Resisting a backlash

But as the face of the industry changes, some women are worried about a backlash.

Hirschfeld warned against the temptation to respond to incidents quickly by preemptively firing people rather than taking a deliberative process.

“The concern I have is of overreacting without giving both sides a fair shot,” he said, noting that he was dealing with cases of harassment and bullying against men, as well as women. “People are accused, firms can’t afford the bad publicity, and then people are fired. It’s one strike and you’re out.”

Several female entrepreneurs said they heard of men musing over some version of the “Mike Pence rule.” A 2017 profile of the US vice president revealed he “never eats alone with a woman other than his wife and that he won’t attend events featuring alcohol without her by his side, either.”

How, they ask, could a woman ever assume leadership role without interacting with men one on one? 

“I’ve heard men say, ‘I don’t want to be with a woman. I don’t want to take her to lunch,’” says Wilson. “Please, buck up. If you don’t know how to behave in a meeting, then you shouldn’t be working.” 

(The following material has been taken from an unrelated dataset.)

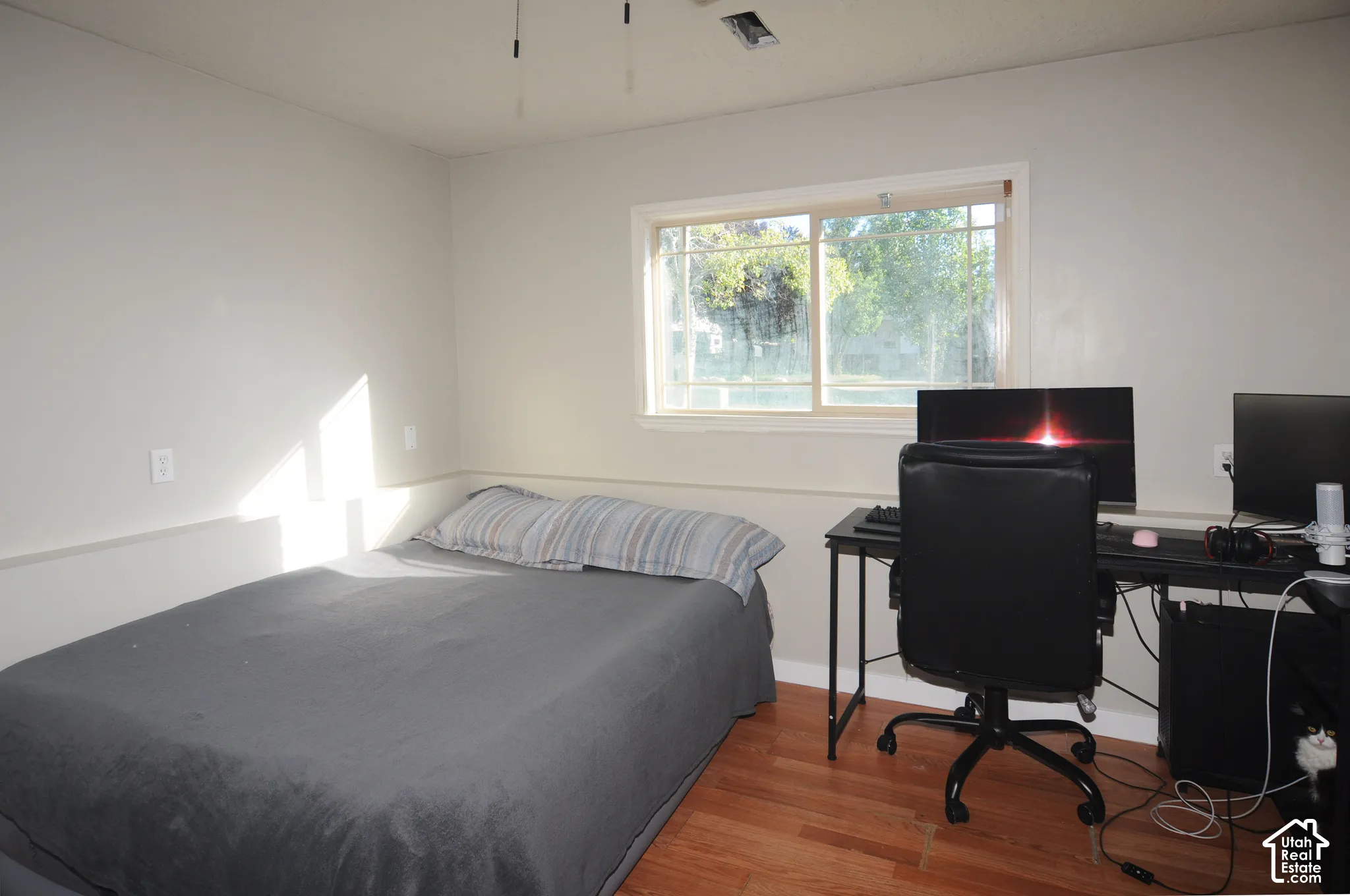 Wood-finish flooring, white walls, and a window with a light-colored frame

Ultimately, the perceived risks of not dealing with female colleagues will hit the bottom line, as well as investors’ credibility. Over the next few years, venture firms without a significant number of female partners or investments in women-founded companies, may seem not just anachronistic, but discriminatory and uncompetitive. 

Solving this problem in Silicon Valley would ultimately help solve the problem for everyone, says Lynn Jurich, CEO of SunRun, a solar energy company.

Jurich launched her startup in 2007 when she and her husband were attending business school. They both agreed to start their own companies at the same time. Whoever’s startup looked most promising would pursue it, and the other took a steady job. Jurich got there first. Sunrun is now a $1.5 billion public company, and the nation’s largest residential solar provider, employing more than 2,500 people.

Jurich warned the tech industry not to retreat from the issues #MeToo has put into the spotlight. “There is so much unspoken stuff. Let’s get it out there,” she says. “When the world is out of balance, both sexes suffer.”